Books donated to St Andrews by Thomas Hollis
In the 1760’s, St Andrews received a series of small but important donations from one of the great English benefactors to 18th century libraries: Thomas Hollis (1720-1774). Hollis came from a wealthy background to begin with, and by the age of eighteen, having inherited large sums of money from his uncle, grandfather and father, he had come into a large fortune. In 1740 he was admitted to Lincoln’s Inn and was also a member of the Royal Society and the Society of Antiquaries. He was also a close friend and gave numerous commissions to Giovanni Cipriani and Giovanni Canal (‘Canaletto’).

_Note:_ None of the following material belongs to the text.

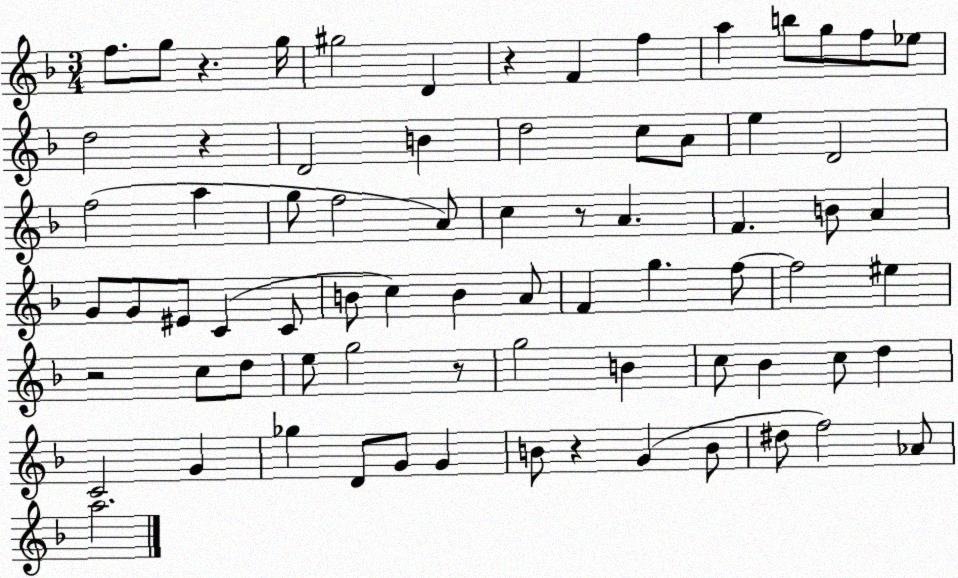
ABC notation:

Hollis was an active citizen, a patriotic Englishman and styled himself as “a lover of liberty and citizen of the world”. By the 1750’s he began to focus his attention on a series of benefactions, described here in the ODNB:
“Convinced of the decadence of his own times but hopeful for the future, Hollis’s principal contribution to public service was the protection and advancement of English liberty by circulating appropriate books on government, for he argued that ‘if government goes right, all goes right’ (Robbins, ‘Library’, 8). From 1754 onwards he reprinted and distributed literature from the seventeenth-century republican canon, thus keeping the cause of parliamentary reform alive during a difficult period. Among the works were Toland’s Life of Milton, tracts by Marchmont Nedham, Henry Neville, and Philip Sidney, and John Locke’s Two Treatises of Government; they were elegantly bound to give them greater effect and tooled with libertarian ornaments such as the liberty cap and owl. He also designed and distributed medals based on Greek and Roman models and prints as part of his plan. Initially the tracts were directed towards libraries throughout Britain and continental Europe; later he turned his generosity to America.”
Hollis’s largest donations were to Harvard (several thousand volumes) and the City Library at Bern (421 volumes); among the other institutions he made donations to are the British Museum, Dr Williams’s library, the Bodleian Library and Milton’s college, Christ’s College, Cambridge and other libraries across Europe. Many of his books are found in other libraries in smaller quantities across the British Isles, but nearly all of the books are identifiable by their distinctive binding styles and Hollis’s inscriptions.
Hollis first used Richard Montagu, a notable binder and bookseller of his time, as a binder to his works, of which St Andrews has one example (see image above). However, by 1758 he had changed to John Matthewman and equipped him with a set of 19 republican tools designed by Cipriani. These bindings are instantly recognizable by these tools and the bright red goatskin used (see image below).
The nine books that St Andrews has from Hollis’s series of donations now form the Hollis Collection, along with a few other reference works. They are a beautiful and tangible link to this era of benefaction and promotion of an English libertarian’s cause.